Former CIA director and Defense Secretary Robert Gates had sharp words about President Barack Obama's leadership skills, saying the nation's leader has nobody to push back on him while he has "centralized power" in the White House.
"The best quote about the a quality of a president was a statement from Supreme Court Justice Oliver Wendell Holmes Jr., who said that JFK had a second-rate intellect but a first rate temperament," Gates, who served under Presidents George W. Bush and Barack Obama, told MSNBC's "Morning Joe"
That would mean a leader who is "willing and confident enough to surround themselves with people who they thought are smarter, he said, and that president would need to combine that quality with instincts and judgment, said Gates.
"One question that nobody has asked is who are the kind of people you would appoint, who would you look to for guidance," Gates, the author of the new book "A Passion for Leadership,"
And when it comes to Obama, who has been criticized for thinking he was the smartest person in the room, Gates believes he has "centralized power and operational activities in the White House to a degree that is unparalleled."
"The president is quoted as saying one time to his staff that he could 'do every one of your jobs better than you can,'" said Gates. "I don't see the kind of strong people around the president who will push back on him. I give him credit, I pushed back on him a lot, he never shut me down, never told me to be quiet, never refused to see me. I don't see people like that around him now."
When asked for key strengths in recent presidencies, Gates said that Obama is willing to make tough decisions; George W. Bush was courageous in taking on serious problems, such as with the 9/11 attacks, and George H.W. Bush had the unifying ability to bring together large coalitions, but he doesn't think any of the wide slate of candidates running for the presidency has those skills.

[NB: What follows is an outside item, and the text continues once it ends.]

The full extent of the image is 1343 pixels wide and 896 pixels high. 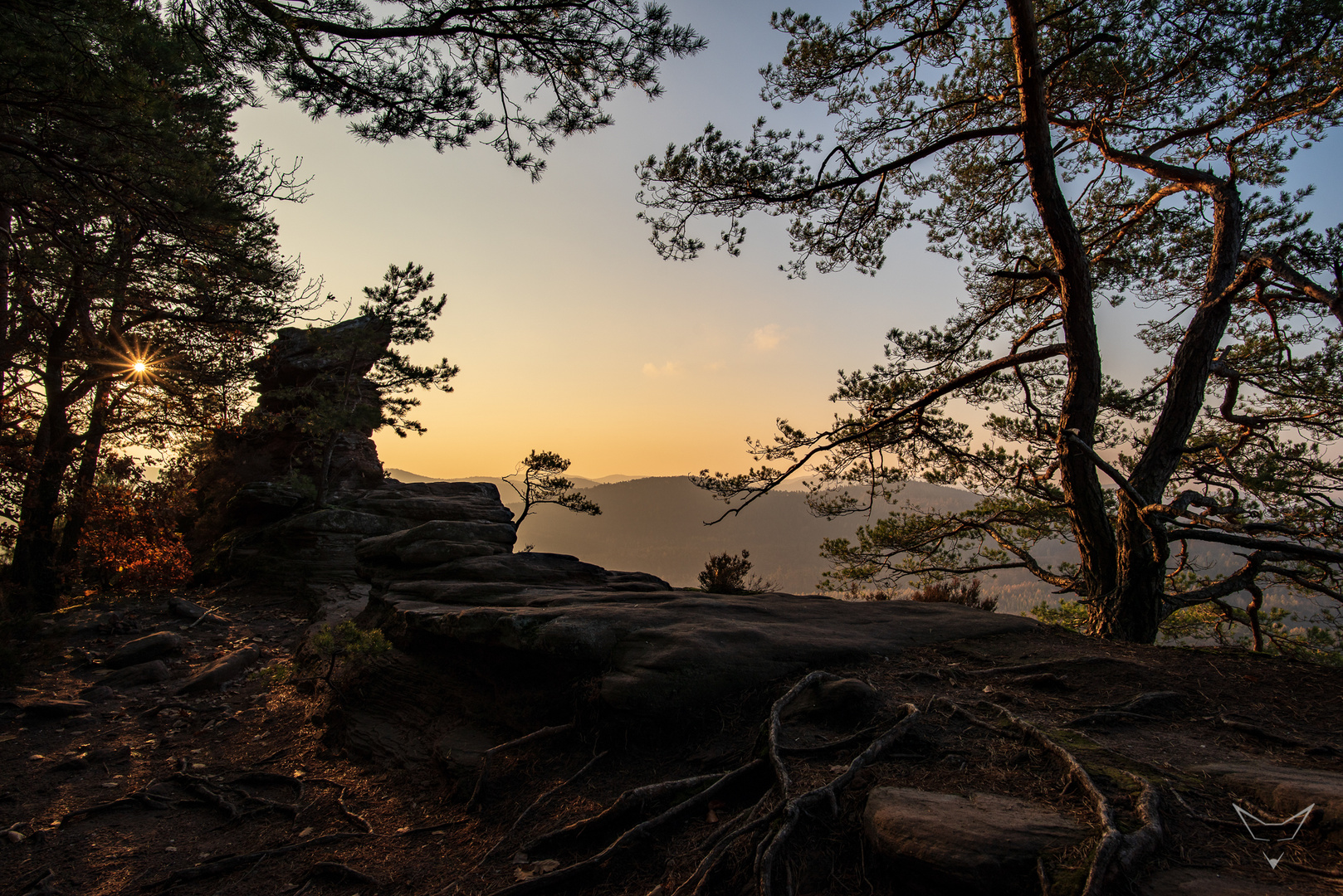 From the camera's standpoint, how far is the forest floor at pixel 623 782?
8.09 ft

A leader, he said, needs to be able to look at problems in a different way, giving the issues with the Veterans Administration as an example, saying that if pressure would be put on the VA by threatening to allow veterans to visit outside doctors, it could lead to a response.
He also criticized, without naming names, candidates who say they would either "carpet bomb" the Islamic State, as Sen. Ted Cruz
has threatened, or otherwise eliminate them when they first hit office.

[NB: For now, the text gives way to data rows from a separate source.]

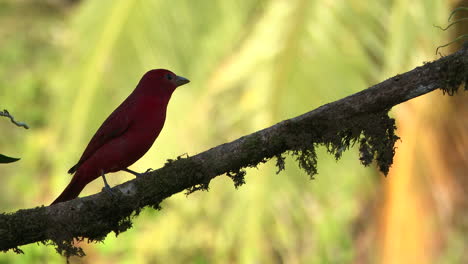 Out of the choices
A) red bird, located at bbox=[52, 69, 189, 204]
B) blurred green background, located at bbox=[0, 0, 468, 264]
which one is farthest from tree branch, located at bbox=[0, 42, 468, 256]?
blurred green background, located at bbox=[0, 0, 468, 264]

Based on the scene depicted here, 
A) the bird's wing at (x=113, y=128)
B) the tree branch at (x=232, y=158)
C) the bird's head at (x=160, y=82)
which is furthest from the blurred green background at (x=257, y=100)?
the tree branch at (x=232, y=158)

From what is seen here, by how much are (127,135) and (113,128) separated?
5.7 inches

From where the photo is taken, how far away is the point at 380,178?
8555 millimetres

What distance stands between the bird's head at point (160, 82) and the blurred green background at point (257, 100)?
5.83 feet

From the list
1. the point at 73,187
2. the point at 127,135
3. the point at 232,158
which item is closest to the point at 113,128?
the point at 127,135

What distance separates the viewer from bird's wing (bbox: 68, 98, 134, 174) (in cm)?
503

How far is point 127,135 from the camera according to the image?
4.98m

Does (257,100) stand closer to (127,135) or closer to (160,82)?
(160,82)

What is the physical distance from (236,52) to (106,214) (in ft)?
14.2

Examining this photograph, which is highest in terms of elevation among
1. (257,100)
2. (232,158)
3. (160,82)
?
(257,100)

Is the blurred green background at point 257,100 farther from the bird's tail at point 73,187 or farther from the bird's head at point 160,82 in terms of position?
the bird's tail at point 73,187

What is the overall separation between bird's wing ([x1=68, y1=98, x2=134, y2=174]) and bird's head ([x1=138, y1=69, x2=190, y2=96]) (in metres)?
0.13

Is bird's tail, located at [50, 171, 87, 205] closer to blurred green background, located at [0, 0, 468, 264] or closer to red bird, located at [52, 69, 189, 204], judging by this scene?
red bird, located at [52, 69, 189, 204]

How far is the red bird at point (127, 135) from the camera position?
16.2 feet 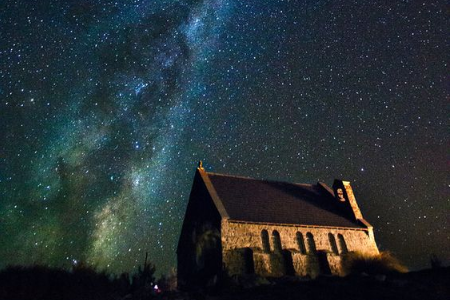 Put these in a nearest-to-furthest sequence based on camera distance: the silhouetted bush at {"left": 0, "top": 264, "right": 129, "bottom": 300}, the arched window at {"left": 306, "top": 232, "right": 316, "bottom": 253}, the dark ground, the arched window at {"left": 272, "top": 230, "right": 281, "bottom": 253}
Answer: the dark ground → the silhouetted bush at {"left": 0, "top": 264, "right": 129, "bottom": 300} → the arched window at {"left": 272, "top": 230, "right": 281, "bottom": 253} → the arched window at {"left": 306, "top": 232, "right": 316, "bottom": 253}

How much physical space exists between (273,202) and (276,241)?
14.7 ft

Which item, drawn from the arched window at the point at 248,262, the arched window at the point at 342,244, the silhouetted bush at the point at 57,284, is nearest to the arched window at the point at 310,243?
the arched window at the point at 342,244

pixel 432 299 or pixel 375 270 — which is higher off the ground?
pixel 375 270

"First of all they don't know what they're talking about," said Gates, as doing that would be contrary with the way the United States wages war and would show a "total disregard for civilians."
"This is part of the concern I have with the campaign," said Gates, a solutions that are being offered are "so simplistic, they are at odds with the way the world works."
The presidents who Gates believes best exemplify leadership include George Washington, Abraham Lincoln, Theodore and Franklin D. Roosevelt, Harry Truman, Dwight D. Eisenhower and Ronald Reagan, but he would not say who he would like to see run now, including Secretary of State John Kerry: "I don't think so."
"I will tell you this," he said. "I do think that politics is a profession, and I think if you don't have any experience in how the government works, if you've never been in government, your ability to make government work is going to be significantly reduced. It's different than business. It's different than surgery. It's different than anything else."